← Back to Timeline

Metric Flows with Neural Networks

Theoretical Physics

Authors

James Halverson, Fabian Ruehle

Abstract

We develop a general theory of flows in the space of Riemannian metrics induced by neural network gradient descent. This is motivated in part by recent advances in approximating Calabi-Yau metrics with neural networks and is enabled by recent advances in understanding flows in the space of neural networks. We derive the corresponding metric flow equations, which are governed by a metric neural tangent kernel, a complicated, non-local object that evolves in time. However, many architectures admit an infinite-width limit in which the kernel becomes fixed and the dynamics simplify. Additional assumptions can induce locality in the flow, which allows for the realization of Perelman's formulation of Ricci flow that was used to resolve the 3d Poincaré conjecture. We demonstrate that such fixed kernel regimes lead to poor learning of numerical Calabi-Yau metrics, as is expected since the associated neural networks do not learn features. Conversely, we demonstrate that well-learned numerical metrics at finite-width exhibit an evolving metric-NTK, associated with feature learning. Our theory of neural network metric flows therefore explains why neural networks are better at learning Calabi-Yau metrics than fixed kernel methods, such as the Ricci flow.

Concepts

metric neural tangent kernel calabi-yau metric learning kernel methods string theory geometric deep learning neural ricci flow feature extraction manifold learning physics-informed neural networks representation learning loss function design

The Big Picture

Imagine trying to find the perfect shape of a multidimensional space. Not a sphere or a donut, but a complex geometric object called a Calabi-Yau manifold, which string theorists believe describes the hidden extra dimensions of our universe. Mathematicians proved these objects exist, but nobody has ever written down an explicit formula for one. It’s like knowing a perfect sculpture exists inside a block of marble, with no chisel and no instructions.

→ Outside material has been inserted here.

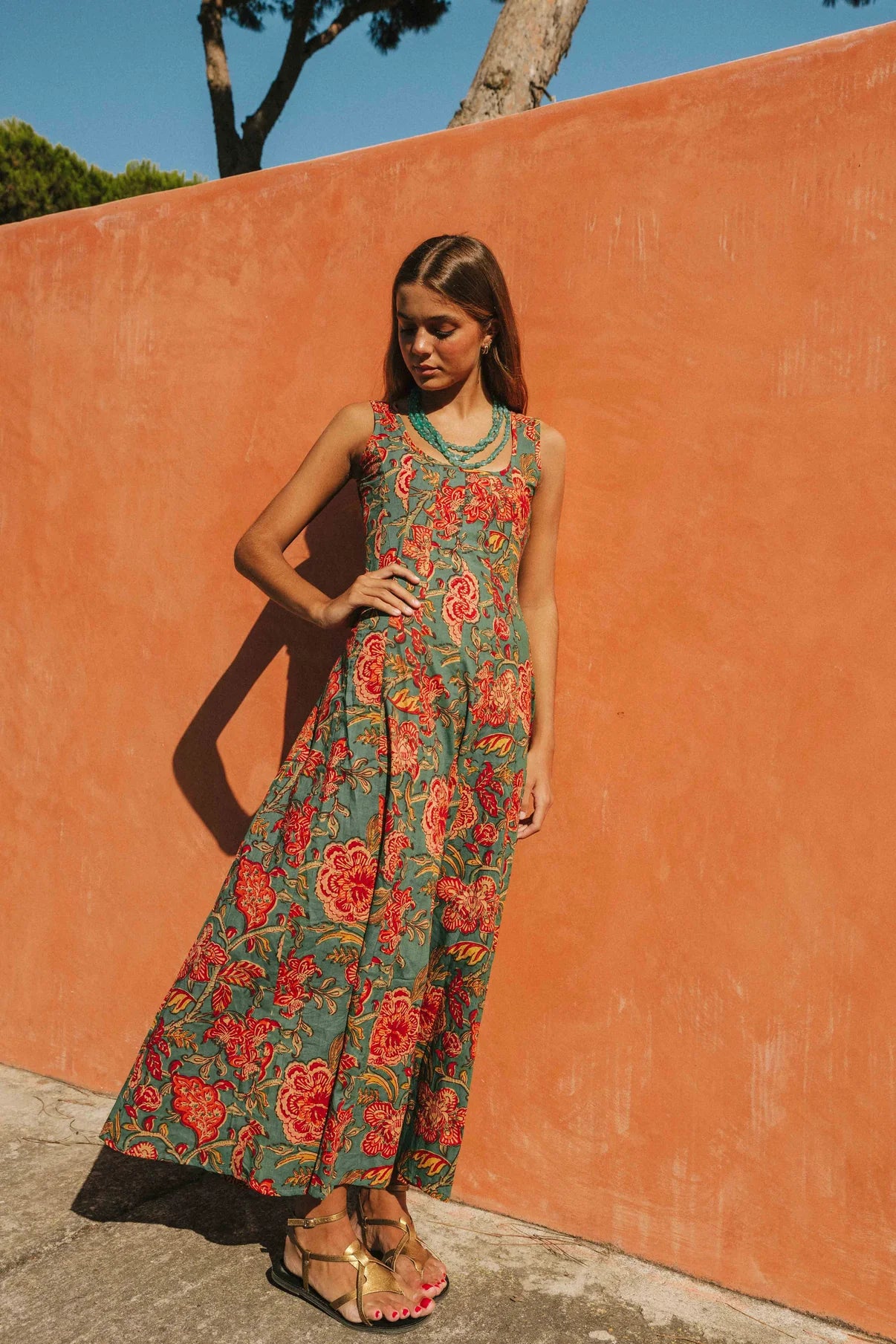 Vestido Algodón Verde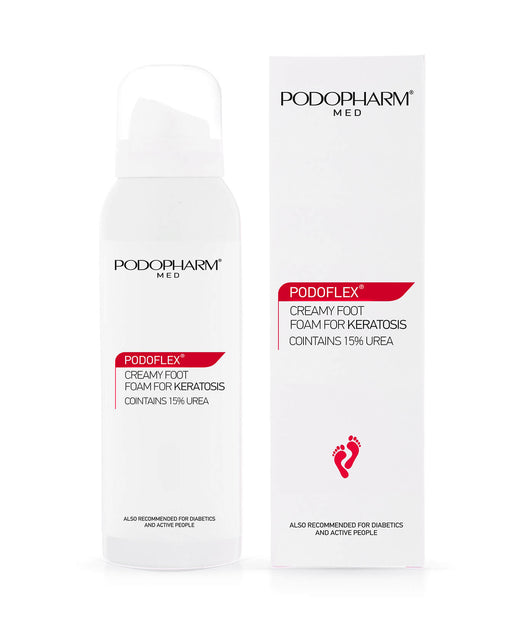 Podopharm creamfoot foam for keratosis with urea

For decades, physicists and mathematicians have tried to approximate these elusive Riemannian metrics, the mathematical rulers that measure distances and angles on curved spaces. Classical methods like Donaldson’s algorithm can get close, but they’re painfully slow. Neural networks cracked that barrier: a modern laptop running the right network can match results that used to require far more computation. But why neural networks work so much better has remained mysterious.

James Halverson and Fabian Ruehle at Northeastern University and IAIFI have developed a mathematical theory explaining how neural networks flow through the space of geometric metrics. It unifies deep learning theory with the mathematics of curved spaces and reveals why neural networks beat classical approaches like Ricci flow, a technique that smooths out geometric irregularities the way heat spreads through a material.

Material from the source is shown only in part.